__WORK INSTRUCTION__
From the entries that follow, extract each line holding the string "Seat".

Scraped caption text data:
------------------------

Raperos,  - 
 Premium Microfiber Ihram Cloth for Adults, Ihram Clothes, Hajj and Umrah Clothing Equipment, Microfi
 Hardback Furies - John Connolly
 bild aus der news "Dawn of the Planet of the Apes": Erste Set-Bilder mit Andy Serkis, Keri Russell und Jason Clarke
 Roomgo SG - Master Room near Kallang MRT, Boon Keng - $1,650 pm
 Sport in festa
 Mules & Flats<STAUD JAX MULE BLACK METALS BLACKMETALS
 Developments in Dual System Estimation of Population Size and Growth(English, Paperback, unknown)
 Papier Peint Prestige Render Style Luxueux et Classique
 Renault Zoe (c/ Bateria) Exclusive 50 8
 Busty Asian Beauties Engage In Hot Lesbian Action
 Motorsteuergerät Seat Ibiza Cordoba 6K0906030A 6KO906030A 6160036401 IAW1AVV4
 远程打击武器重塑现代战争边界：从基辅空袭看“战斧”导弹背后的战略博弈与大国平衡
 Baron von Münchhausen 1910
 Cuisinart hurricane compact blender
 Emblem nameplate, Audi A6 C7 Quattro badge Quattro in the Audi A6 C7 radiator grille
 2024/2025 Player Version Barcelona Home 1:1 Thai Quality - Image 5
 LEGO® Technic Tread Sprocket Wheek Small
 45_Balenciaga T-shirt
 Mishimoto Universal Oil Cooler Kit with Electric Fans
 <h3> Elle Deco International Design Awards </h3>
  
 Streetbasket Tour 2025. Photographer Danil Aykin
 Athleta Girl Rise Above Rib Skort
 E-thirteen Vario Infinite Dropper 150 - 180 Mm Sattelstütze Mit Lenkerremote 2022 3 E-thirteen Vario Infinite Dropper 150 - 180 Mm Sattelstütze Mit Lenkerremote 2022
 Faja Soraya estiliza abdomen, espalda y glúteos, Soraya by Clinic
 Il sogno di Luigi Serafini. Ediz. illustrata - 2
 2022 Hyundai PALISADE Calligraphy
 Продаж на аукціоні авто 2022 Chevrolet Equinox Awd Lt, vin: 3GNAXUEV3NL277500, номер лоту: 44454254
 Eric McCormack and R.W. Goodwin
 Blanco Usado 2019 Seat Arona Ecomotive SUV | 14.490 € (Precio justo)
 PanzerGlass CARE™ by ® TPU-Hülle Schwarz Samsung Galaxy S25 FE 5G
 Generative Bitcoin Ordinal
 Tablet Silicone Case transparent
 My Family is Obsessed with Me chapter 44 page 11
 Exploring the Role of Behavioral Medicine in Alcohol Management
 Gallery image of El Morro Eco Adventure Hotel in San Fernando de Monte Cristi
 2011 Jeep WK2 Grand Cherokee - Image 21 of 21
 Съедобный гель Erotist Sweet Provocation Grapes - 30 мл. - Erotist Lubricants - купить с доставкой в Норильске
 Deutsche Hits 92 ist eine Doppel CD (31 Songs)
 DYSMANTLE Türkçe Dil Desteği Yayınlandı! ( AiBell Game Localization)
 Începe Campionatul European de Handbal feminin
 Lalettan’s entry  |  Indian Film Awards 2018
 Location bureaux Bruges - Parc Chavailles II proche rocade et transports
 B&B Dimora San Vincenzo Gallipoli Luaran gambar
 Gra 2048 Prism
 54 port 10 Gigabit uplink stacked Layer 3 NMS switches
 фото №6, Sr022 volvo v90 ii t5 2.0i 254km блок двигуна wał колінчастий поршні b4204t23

------------------------

__WORKED SOLUTION__
 Motorsteuergerät Seat Ibiza Cordoba 6K0906030A 6KO906030A 6160036401 IAW1AVV4
 Blanco Usado 2019 Seat Arona Ecomotive SUV | 14.490 € (Precio justo)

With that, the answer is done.